◆ TASK STATEMENT ◆
Word for word, restate the lines of the material below from its first line through the one containing "SMC模具加溫油溫機助力深加工制品生產(chǎn)，提升制造效率". Omit the rest.

◆ THE DATA ◆
*** Block opens ***
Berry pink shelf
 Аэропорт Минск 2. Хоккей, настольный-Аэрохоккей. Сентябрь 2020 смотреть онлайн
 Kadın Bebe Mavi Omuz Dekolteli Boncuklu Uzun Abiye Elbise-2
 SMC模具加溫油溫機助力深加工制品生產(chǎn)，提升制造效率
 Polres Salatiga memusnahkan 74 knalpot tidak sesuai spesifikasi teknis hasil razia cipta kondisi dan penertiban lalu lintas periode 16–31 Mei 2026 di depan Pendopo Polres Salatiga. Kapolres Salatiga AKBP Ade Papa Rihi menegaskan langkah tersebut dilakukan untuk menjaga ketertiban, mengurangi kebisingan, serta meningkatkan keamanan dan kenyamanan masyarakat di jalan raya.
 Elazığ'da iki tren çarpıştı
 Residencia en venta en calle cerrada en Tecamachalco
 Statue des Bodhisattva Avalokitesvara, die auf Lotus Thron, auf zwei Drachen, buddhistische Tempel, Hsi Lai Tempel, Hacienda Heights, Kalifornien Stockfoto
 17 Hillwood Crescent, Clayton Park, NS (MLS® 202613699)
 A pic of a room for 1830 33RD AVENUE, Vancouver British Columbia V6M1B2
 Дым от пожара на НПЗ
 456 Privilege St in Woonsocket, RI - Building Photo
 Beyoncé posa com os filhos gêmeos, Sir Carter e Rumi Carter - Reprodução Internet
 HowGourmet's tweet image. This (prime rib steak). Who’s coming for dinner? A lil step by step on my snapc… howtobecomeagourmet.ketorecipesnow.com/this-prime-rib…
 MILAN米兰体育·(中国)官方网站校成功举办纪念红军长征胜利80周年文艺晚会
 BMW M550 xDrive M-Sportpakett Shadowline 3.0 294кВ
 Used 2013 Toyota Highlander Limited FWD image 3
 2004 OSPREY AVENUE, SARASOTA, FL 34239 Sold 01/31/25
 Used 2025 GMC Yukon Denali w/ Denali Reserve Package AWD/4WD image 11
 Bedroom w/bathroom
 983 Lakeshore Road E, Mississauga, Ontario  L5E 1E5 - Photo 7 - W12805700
*** Block closes ***
◆ EXERCISE OUTPUT ◆
Berry pink shelf
 Аэропорт Минск 2. Хоккей, настольный-Аэрохоккей. Сентябрь 2020 смотреть онлайн
 Kadın Bebe Mavi Omuz Dekolteli Boncuklu Uzun Abiye Elbise-2
 SMC模具加溫油溫機助力深加工制品生產(chǎn)，提升制造效率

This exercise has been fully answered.